Setelah melihat catatan sejarah ini maka dapat kita simpulkan bahwa ternyata Islam lebih dulu mengenal system akuntansi, karena al-Qur’an telah diturunkan pada tahun 610 M yakni 800 tahun lebih dahulu dari Luca Pacioli yang menerbitkan bukunya pada tahun 1494. Di antara karya-karya tulis yang menegaskan penggunaan akuntansi dan pengembangannya di negara Islam, sebelum munculnya buku Pacioli, adalah adanya manuskrip yang ditulis pada tahun 765 H./1363 M. Manuskrip ini adalah karya seorang penulis muslim, yaitu Abdullah bin Muhammad bin Kayah Al Mazindarani, dan diberi judul “Risalah Falakiyah Kitab As Siyaqat”. Tulisan ini disimpan di perpustakaan Sultan Sulaiman Al-Qanuni di Istambul Turki, tercatat di bagian manuskrip dengan nomor 2756, dan memuat tentang akuntansi dan sistem akuntansi di negara Islam. Huruf yang digunakan dalam tulisan ini adalah huruf Arab, tetapi bahasa yang digunakan terkadang bahasa Arab, terkadang bahasa Parsi dan terkadang pula bahasa Turki yang populer di Daulat Utsmaniyah,. Buku ini telah ditulis kurang lebih 131 tahun sebelum munculnya buku Pacioli. Memang, buku Pacioli termasuk buku yang pertama kali dicetak tentang sistem pencatatan sisi-sisi transaksi (double entry), dan buku Al Mazindarani masih dalam bentuk manuskrip, belum di cetak dan belum diterbitkan.

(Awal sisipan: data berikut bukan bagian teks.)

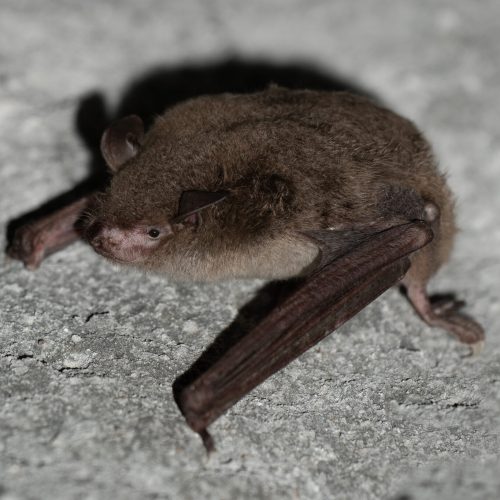 ©Pasteur Ng (All Rights Reserved)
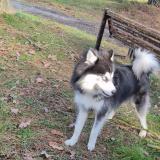 Picture of dog lost at Union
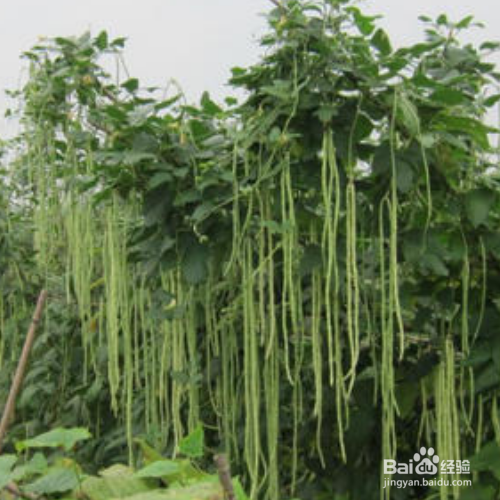 豇豆的培育方法和注意事项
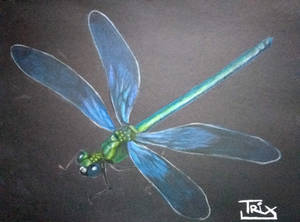 Dragonfly, watercolor pencils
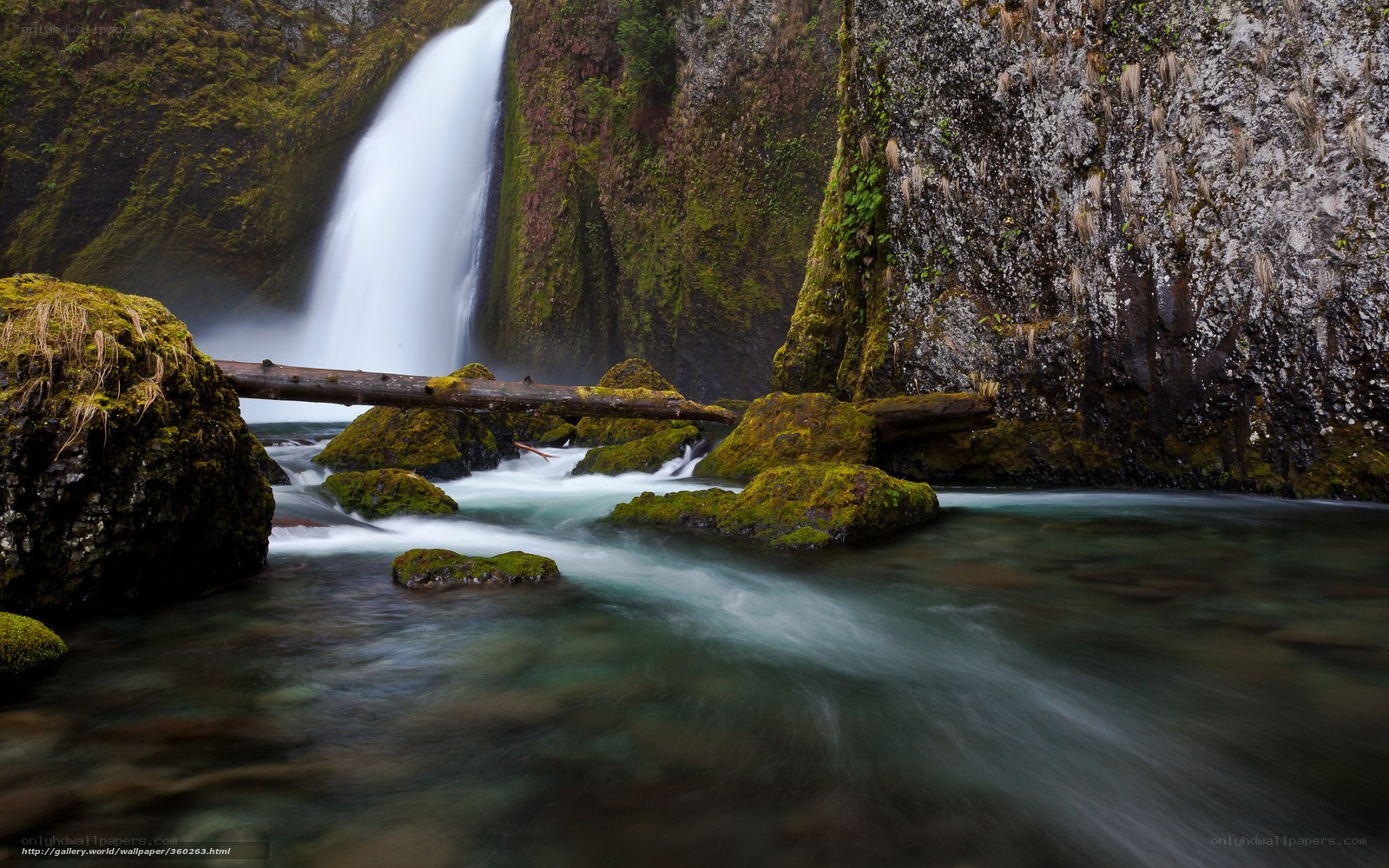 Waterfall in a mossy canyon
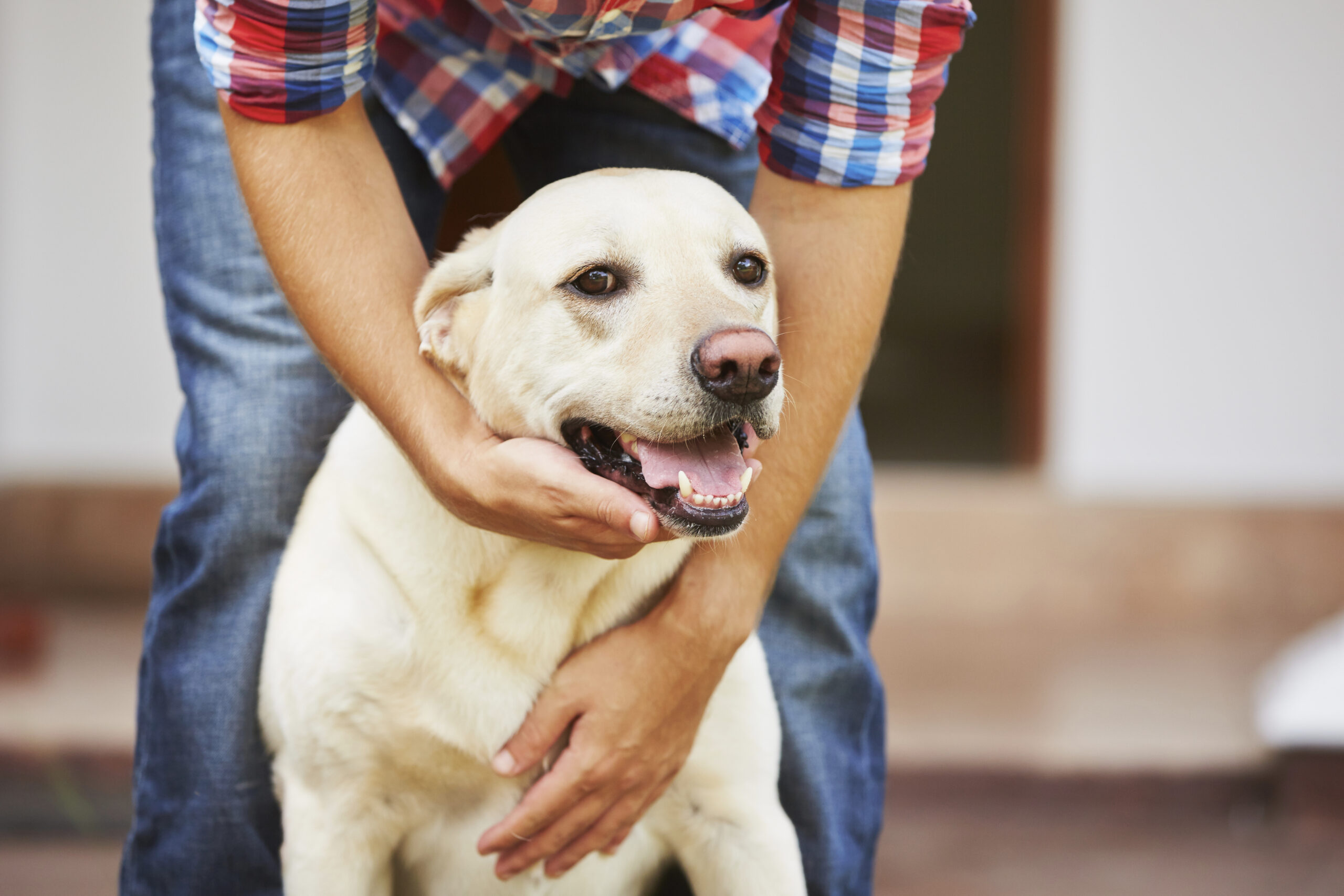 ThinkstockPhotos-185185797.jpg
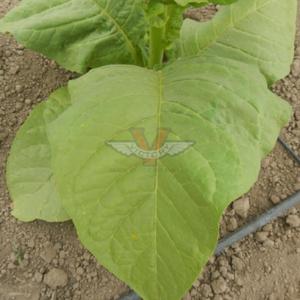 Silk Leaf Tobacco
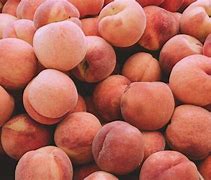 Image result for Peach Fruit Background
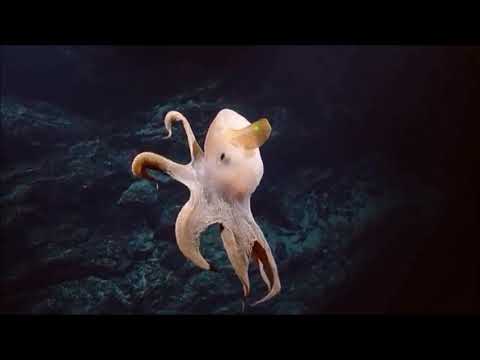 Une Pieuvre Dumbo Grimpoteuthis Sp Le Long Des Kingman Ridges Youtube Une Pieuvre Dumbo Grimpoteuthis Sp Le Long Des Kingman Ridges Youtube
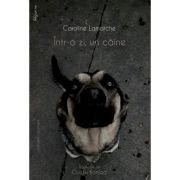 Intr-o zi, un caine
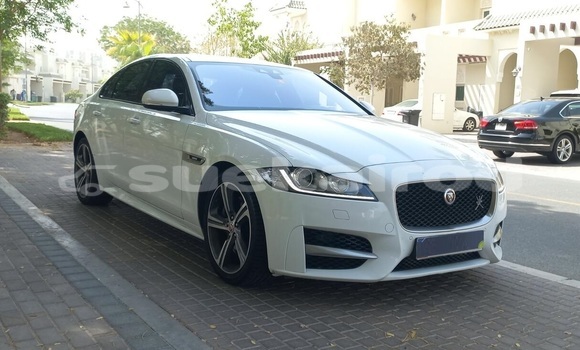 ซื้อ รถมือสอง Jaguar XF ขาว รถยนต์ ใน %{เมือง} ใน กรุงเทพมหานคร ซื้อ รถมือสอง Jaguar XF ขาว รถยนต์ ใน %{เมือง} ใน กรุงเทพมหานคร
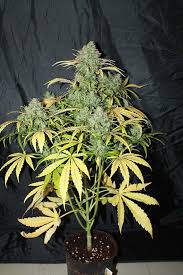 (Auto) Amnesia x10
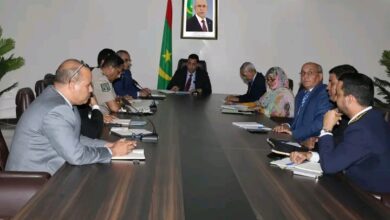 صورة الوزير الأول يترأس اجتماعا للجنة الوزارية المكلفة بمتابعة ظاهرة الهجرة غير الشرعية
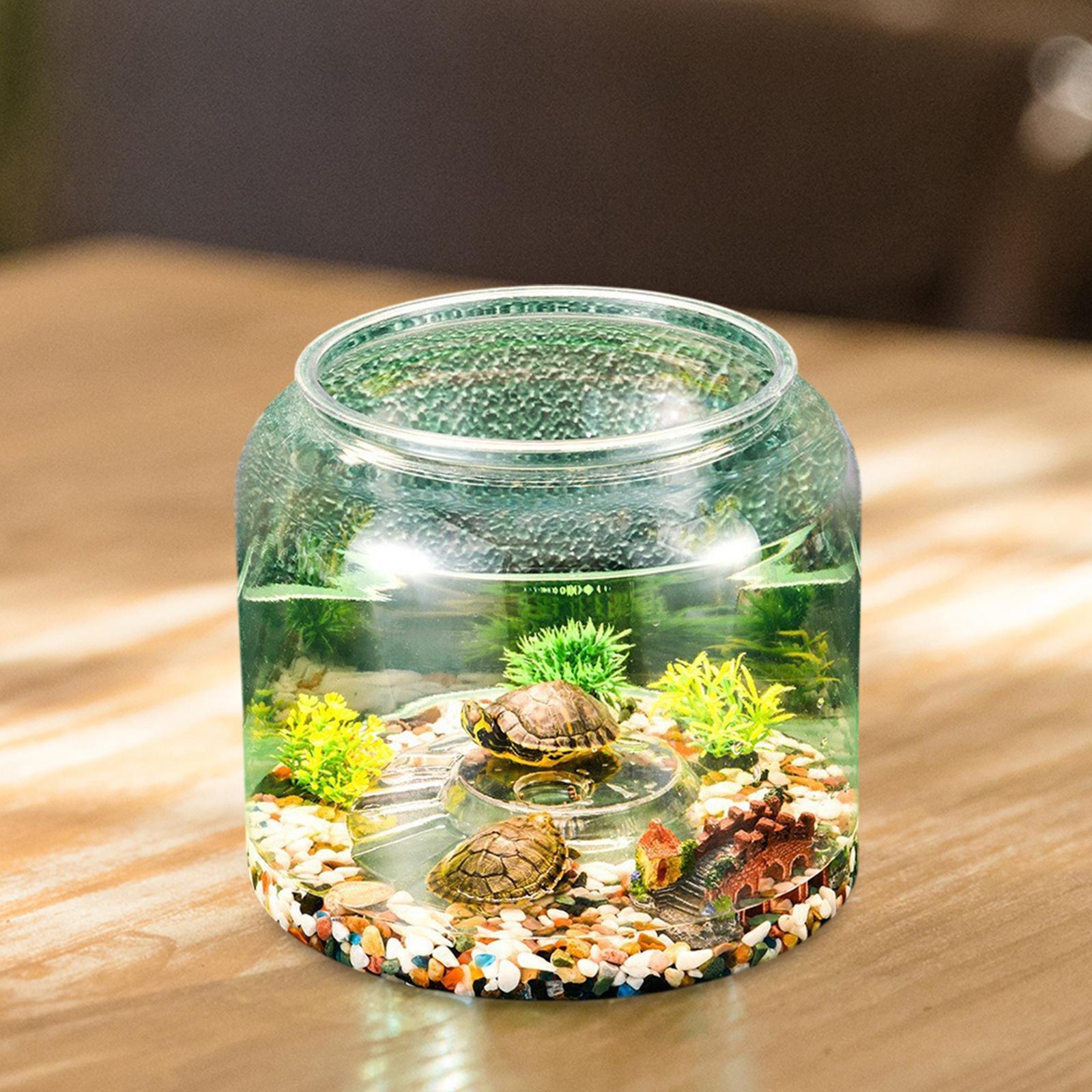 아파트 침실 거실용 테이블탑 거북이 사육장 - Draw Fish Aquarium 리뷰 및 가격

Al Mazindarani berkata bahwa ada buku-buku--barangkali yang dimaksudkan adalah manuskrip-manuskrip--yang menjelaskan aplikasi-aplikasi akuntansi yang populer pada saat itu, sebelum dia menulis bukunya yang dikenal dengan judul :”Risalah Falakiyah Kitab As Sayaqat”. Dia juga mengatakan bahwa secara pribadi, dia telah mengambil manfaat dari buku-buku itu dalam menulis buku “Risalah Falakiyah” tersebut. Dalam bukunya yang masih dalam bentuk manuskrip itu, Al Mazindarani menjelaskan hal-hal beriktu ini:
Sistem akuntansi yang populer pada saat itu, dan pelaksanaan pembukuan yang khusus bagi setiap sistem akuntansi.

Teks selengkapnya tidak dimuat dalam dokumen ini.